0
votes

I've been working on a LightGBM prediction model for checking the probability of something. I scale my data using min max scaler, I save it, and trained the model on the scaled data.

Then in real-time I load my model and scaler from before, and try to predict the probability of a new entry.

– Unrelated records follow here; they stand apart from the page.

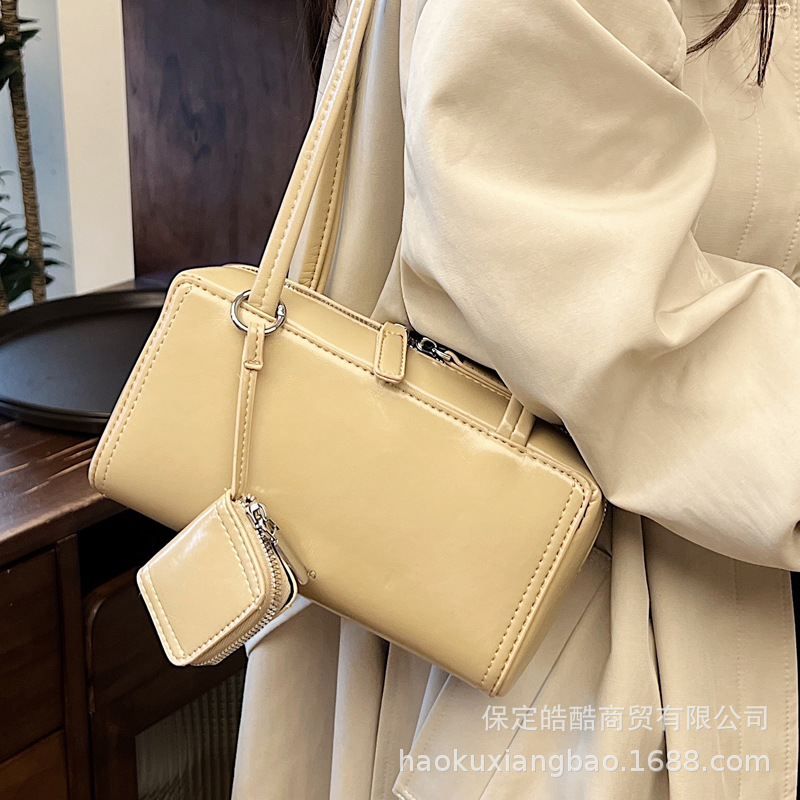 Korean Niche Underarm Bag For Women 2025 New Trendy Retro Handheld Bowling Bag Simple Shoulder Commuter Bag - Thumbnail 2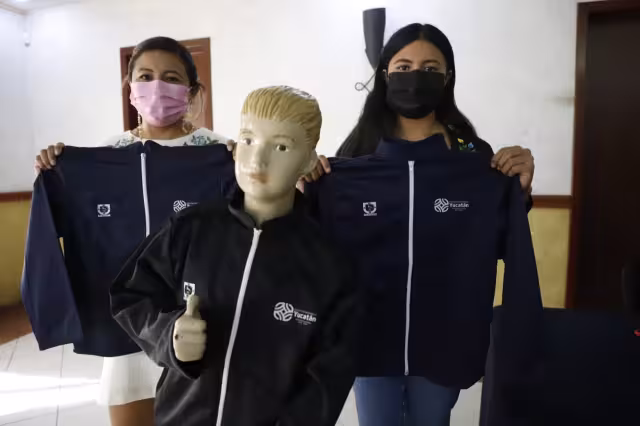 Aury Narváez Chim, productora del municipio de Tekit, agradeció la oportunidad de volver a participar en este proyecto, ya que además de contribuir con la ayuda a los niños de educación básica, pudo reactivar su taller y emplear a personas de su municipio, durante la contingencia sanitaria.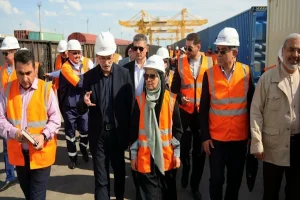 فرزانه صادق: ایران به دنبال توسعه کریدور شرقی شمال‑جنوب است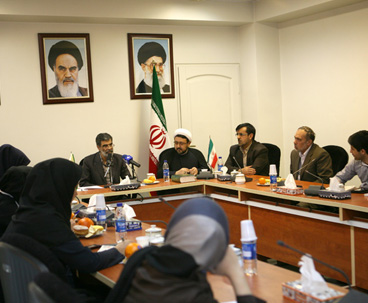 بحضور الرئيس روحاني..عقد مؤتمر سيدة الثورة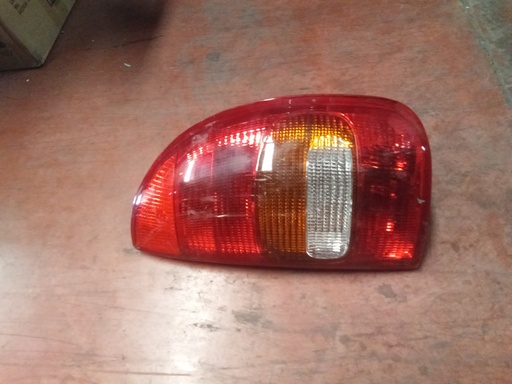 Piloto derecho Opel Corsa '94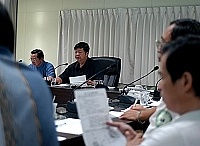 　強颱泰利直撲馬祖地區而來，連江縣政府昨日下午舉行防颱救災會報。（圖／文：張登傑）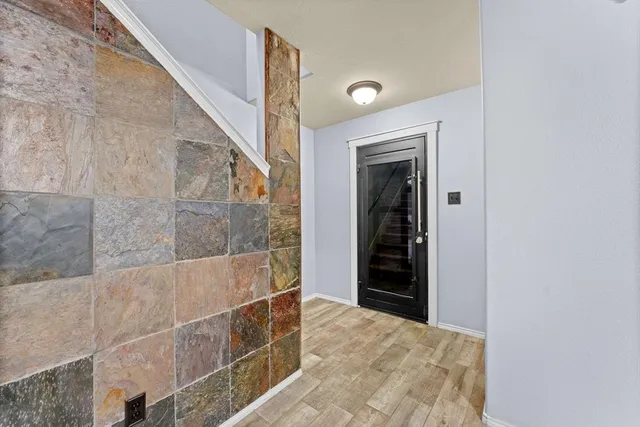 $2,400 | 412 Sandy Creek Drive, Fort Worth, TX 76131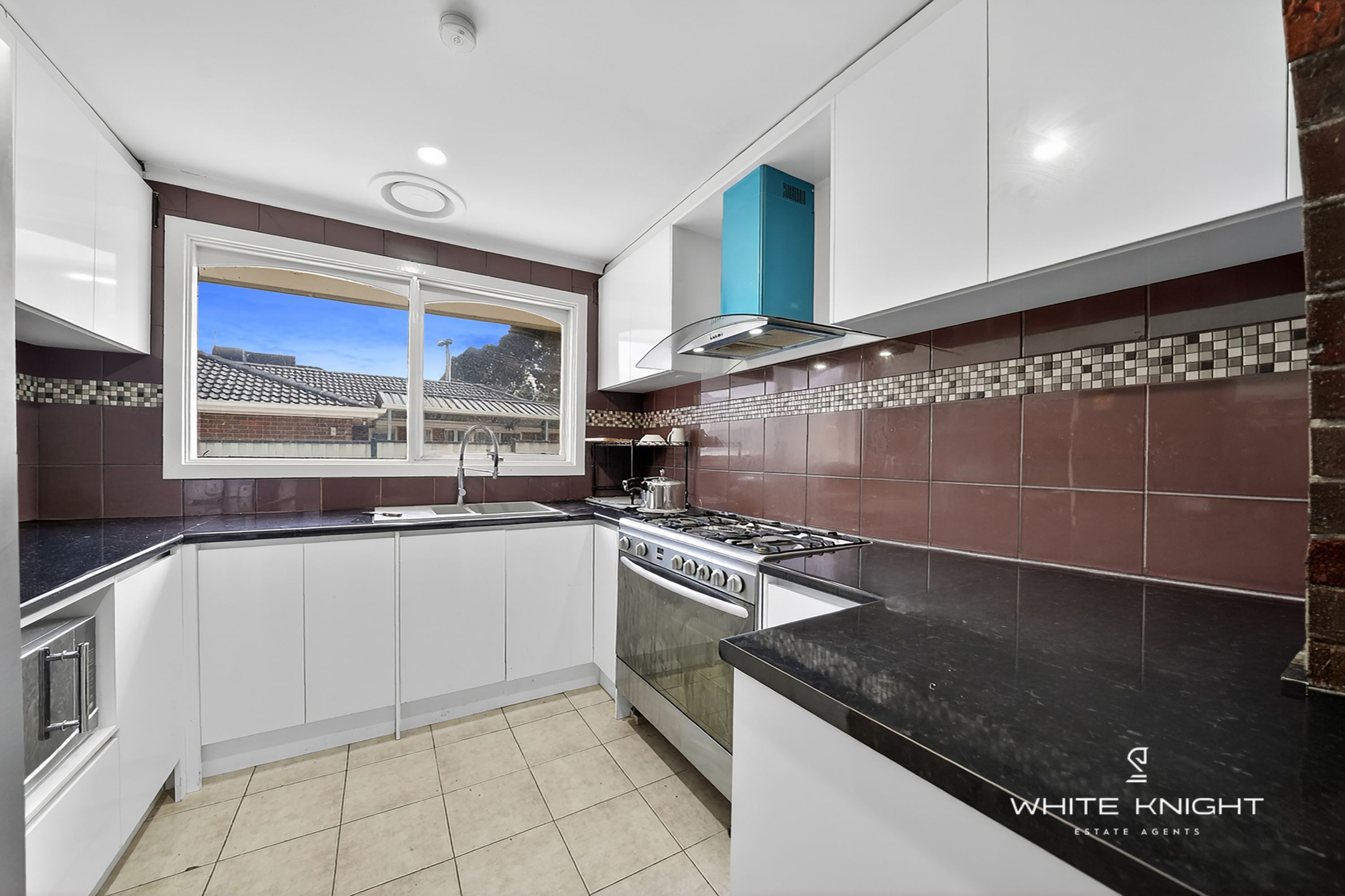 24 Claremont Crescent, Hoppers Crossing VIC 3029, Hoppers Crossing - Thumbnail 2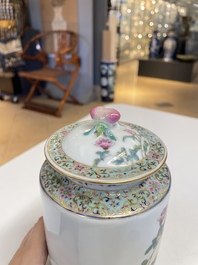 Paire de vases couverts en porcelaine de Chine famille rose &agrave; d&eacute;cor floral, marque de Jiaqing, R&eacute;publique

For some reason I'm getting a negative probability

Here's the code:

# Model Vars
learning_rate = 0.005
boosting_type = 'gbdt'
objective = 'rmse'
metric = ['balanced_accuracy_score', 'rmse', 'auc']
sub_feature = 0.5721
num_leaves = 3000
min_data = 500
max_depth = 22
max_bin = 12000


def createLGBM():
   # Read dataset
   dataset = pd.read_csv('C:\FullDatasetNoArson.csv')
   x = dataset.values  # returns a numpy array

   # Normalize Data
   min_max_scaler = preprocessing.MinMaxScaler()
   x_scaled = min_max_scaler.fit_transform(x)
   
   # Save scaler
   joblib.dump(min_max_scaler, "Saved_Scaler")

   dataset = pd.DataFrame(x_scaled)
   X = dataset.iloc[:, 0:8].values
   y = dataset.iloc[:, 8].values
   
   # Initiate LGBM
   x_train, x_test, y_train, y_test = train_test_split(X, y, test_size=0.25, random_state=0)
   d_train = lgb.Dataset(x_train, label=y_train)
   params = {'task': 'train', 'learning_rate': learning_rate, 'boosting_type': boosting_type, 'objective': objective,
             'metric': metric, 'sub_feature': sub_feature, 'num_leaves': num_leaves, 'min_data': min_data,
             'max_depth': max_depth, 'max_bin': max_bin, 'num_threads': 7, 'is_training_metric': True, 'verbose': 1}

   clf = lgb.train(params, d_train, 2000, keep_training_booster=True)

   # Prediction
   y_pred = clf.predict(x_test)

   # convert into binary values
   for i in range(0, len(y_pred)):
       if y_pred[i] >= .5:  # setting threshold to .5
           y_pred[i] = 1
       else:
           y_pred[i] = 0

   # Accuracy
   accuracy = accuracy_score(y_pred, y_test)

   clf.save_model("lgb-model_" + str(accuracy) + ".txt")

   return "lgb-model_" + str(accuracy) + ".txt"


def predict(data):
   data = np.asarray(data)
   print(data)
   min_max_scaler = joblib.load("Saved_Scaler")
   data = min_max_scaler.transform(data)
   data = data[:, 0:8]
   model = lgb.Booster(model_file='lgb-model_0.7906763418553157.txt')
   print(data)
   pred = model.predict(data)
   return pred.tolist()

1

1 Answers

1
votes

So after reading more on the topic I realized that using a decision tree regression model, can return a negative value and that's fine.

My mistake though, if anyone finds this.. is that I tried using regression to calculate the probability of something happening , the correct way of guessing the probability for such a thing is to use Binary Log-loss classification (or Log-loss Regression).